WHAT IS REQUIRED —
Your answer must consist only of the lines from the start of the entries through the line that holds "rocky coastline with", copied exactly, with no pictures.

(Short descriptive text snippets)
####################
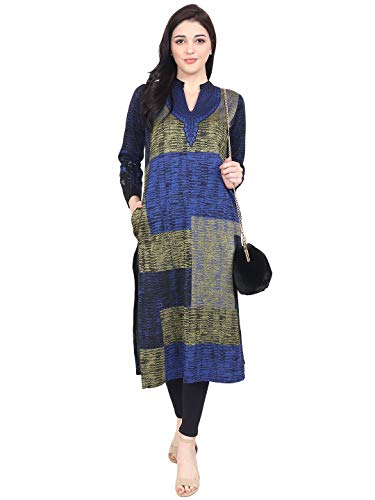 Image of Rosary Women's Embroidered Woolen Kurti with Pockets Warm Full Sleeve Winter Wear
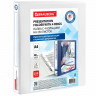 Папка ПАНОРАМА на 4 кольцах, ПРОЧНАЯ, картон/ПВХ, BRAUBERG "Office", БЕЛАЯ, 40 мм, до 250 листов, 271850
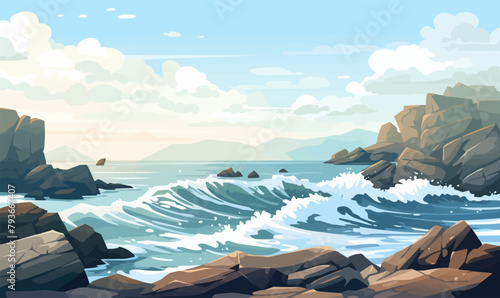 rocky coastline with crashing waves vector simple isolated illustration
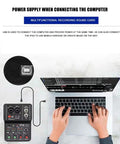 Person connecting Ultra Low Latency USB Audio Interface For PC With XLR Microphone Input And Three Point Five Millimeter Jack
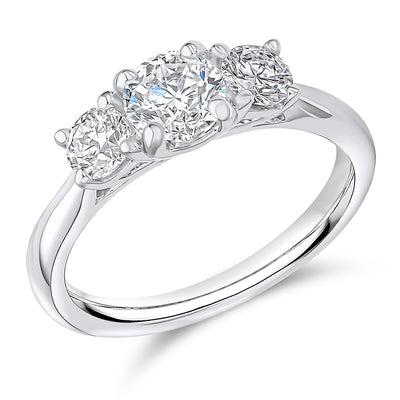 Trilogy Set with Plain Shoulders Round Brilliant Trilogy Ring, 0.75ct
####################
WRITTEN REPLY —
 Image of Rosary Women's Embroidered Woolen Kurti with Pockets Warm Full Sleeve Winter Wear
 Папка ПАНОРАМА на 4 кольцах, ПРОЧНАЯ, картон/ПВХ, BRAUBERG "Office", БЕЛАЯ, 40 мм, до 250 листов, 271850
 rocky coastline with crashing waves vector simple isolated illustration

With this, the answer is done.